Sue-Ann Levy, who covered city hall for the Toronto Sun for 11 years, is running in the midtown St. Paul's riding vacated by former Liberal cabinet minister Michael Bryant.
The Conservative party is so keen to have her that its president announced she is its candidate without waiting for a nomination meeting at which others could put their names forward.
The Sun, which has never been shy about promoting its own, said Premier Dalton McGuinty and his Liberals are "scared," because Levy is tireless, afraid of no one and fights for the underdog.
The Toronto Star, which supports the Liberals, said Levy is scrappy and hard-hitting and the Liberals fear that she is "a dream candidate" who could win and hurt their image.

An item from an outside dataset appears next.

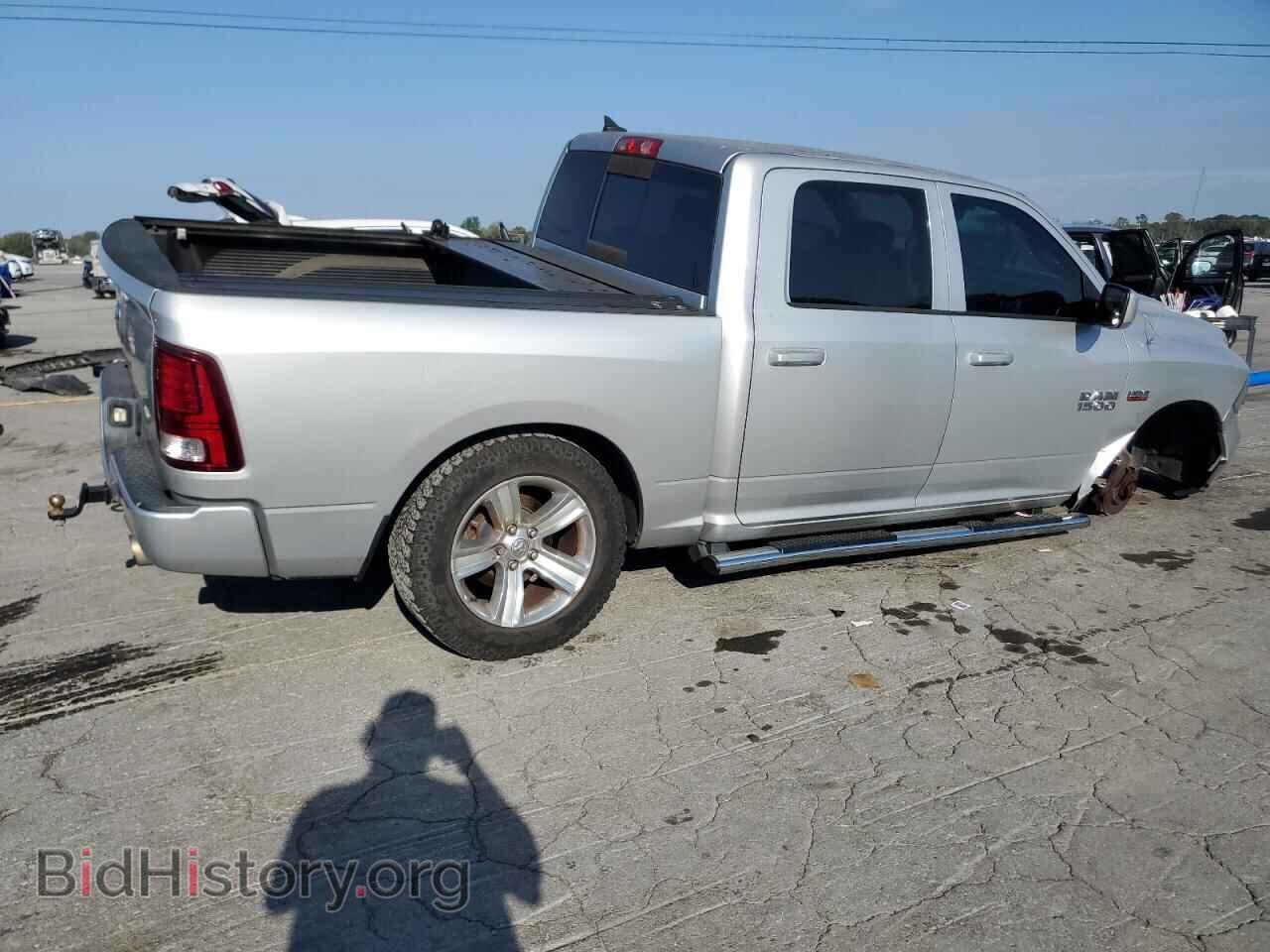 2014 RAM 1500 - VIN: 1C6RR6MT5ES144666 - Фото 3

A different picture of Levy emerges from her columns. Her reach has extended as far as provincial politics. She has called McGuinty "car-hating," because he wants to extend public transit, and said he and Toronto Mayor David Miller are "cozy as two pigs in poop" on this issue, on which many will support the premier and mayor.
Levy criticized McGuinty for giving Toronto power to levy new taxes and Miller for using it, although it has long been recognized that the city lacked revenue sources, that reliance on property taxes provides inequities and that a level of government that spends money should take responsibility for raising it.

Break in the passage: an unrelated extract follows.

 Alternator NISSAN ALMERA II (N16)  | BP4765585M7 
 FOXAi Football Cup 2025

Levy is not always a fighter for those without power, because she has scoffed that agencies which go out on frigid nights and distribute blankets, food and a few words of comfort to people living on the streets, merely want to be trendy and "give the hardcore homeless the tools to stay on the streets."

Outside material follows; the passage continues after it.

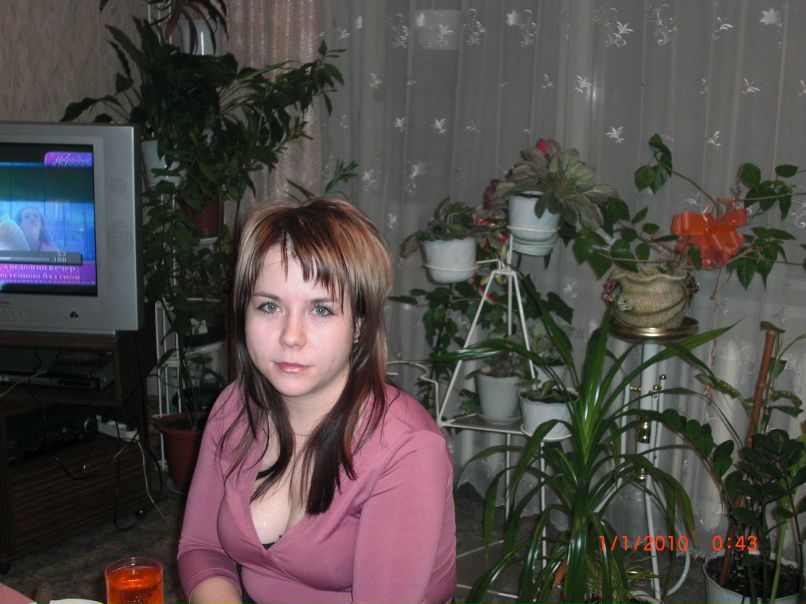 Полина Черноусова фотография #29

This sounds like the former far-right Conservative premier, Mike Harris, who said in the 1990s that many live on the streets because they choose to, ignoring the many factors that put and keep people out of their homes.
Harris's views, which offended many, are now back in style under the Conservatives' new leader, Tim Hudak, and Levy will feel comfortable among them.
But she is best known for attacking, relentlessly and unceasingly, Toronto's mayor, who no doubt deserves some of it.
Miller, a Harvard graduate, brought an intelligence to the job that was lacking in previous years, and earlier ran unsuccessfully for the New Democrats.
Levy's columns have lashed at Miller day after day, particularly on the theme that he spends too much, and they lack understanding that demands for, and costs of, city services are increasing.
Her columns are short on reasoned, constructive criticism and long on name-calling and mainly a stream of epithets directed at Miller and those around him.
She has railed at Socialist Silly Hall, His Blondness, His Blond Locks, King David and his loyal henchmen, David and his lapdogs, the spendaholic mayor, the socialist mayor and his minions, the socialists and their feckless leader, and the childish brats in Miller's regime who refuse to get their house in order. Any humour in these wears off long before you read them for the 100th time.
Levy constantly quotes Miller's opponents at city hall, lobbies representing business and the right-wing Canadian Taxpayers Federation. You would have to search hard to find any that criticize business.
She almost never finds anyone who has a good word to say about the mayor, although such people should not be hard to find.
Since Miller has won two elections comfortably, there must be reasons people support him, but if there are, Levy has never told them to her readers.
Smart voters eventually will see that someone who tells only one side of a story as too biased to be believed, and the Liberals could win the byelection if they could get enough people to read the Tory candidate's back columns.